I have done the following: Disconnect MC jack wires from the board. Disconnect MM jack wires from the board. Power jack removed from it's hole and hooked up in free air. MC jack in free air. Reinstalled old MC rca. Reinstalled old MM rca. reinstalled old plastic power jack. While the old jack was installed, I was using a different power tap on the power supply can. Swapped in "my" power supply can (which definately has no problem). Drilled bigger holes for the Cardas rca's and now using the insulating rings. Hooked a wire on chassis ground lug and touched to ground on power jack and both rca's. None of this worked. All I did on the board itself is swap out caps, rectifiers, and rewire. At this point I have completely reversed the rewire. There is proper continuity on all jacks and the ground lug. Thanks Bonsai and h_a. I think at this point I have tried most everything with rca and power jacks, and the hum is likely being caused by a short or bad component in the board itself. Solder joints all look good. Nothing bridging positive and negative traces. Now I'm over my head unless I start putting old caps back in. How can I test for a short on the board? It IS confusing that for an instant, with the power jack in free air, I didn't have hum. That must have been imaginary, cause I cannot recreate it.
 
Possibly dry joint, or other intermittent connection?

When 'upgrading' a circuit you should really change one thing at a time, and test.

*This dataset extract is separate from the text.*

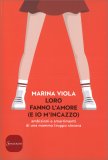 Loro Fanno l'Amore (e Io m'Incazzo) — Libro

Otherwise, even if the 'upgrade' is a real improvement you don't know which of the changes is responsible. When you introduce a fault, you don't know which change caused it. You can never be certain you have fully removed a change either, as the circuit will never be exactly as it was before you started.

Checking for continuity on grounds is necessary, but not sufficient. Everything which should be grounded, should be grounded, but the route and manner of grounding matters too.
 
I hear you DF96, but there were 30 caps replaced and that would be a lot of testing. Too late anyway. I have been soldering crossovers for 20 years, but a bad joint can happen, I'm sure. If I bought an LCR meter, do you guys think I might discover a bad component by comparing readings from the right channel board to readings from the left channel board?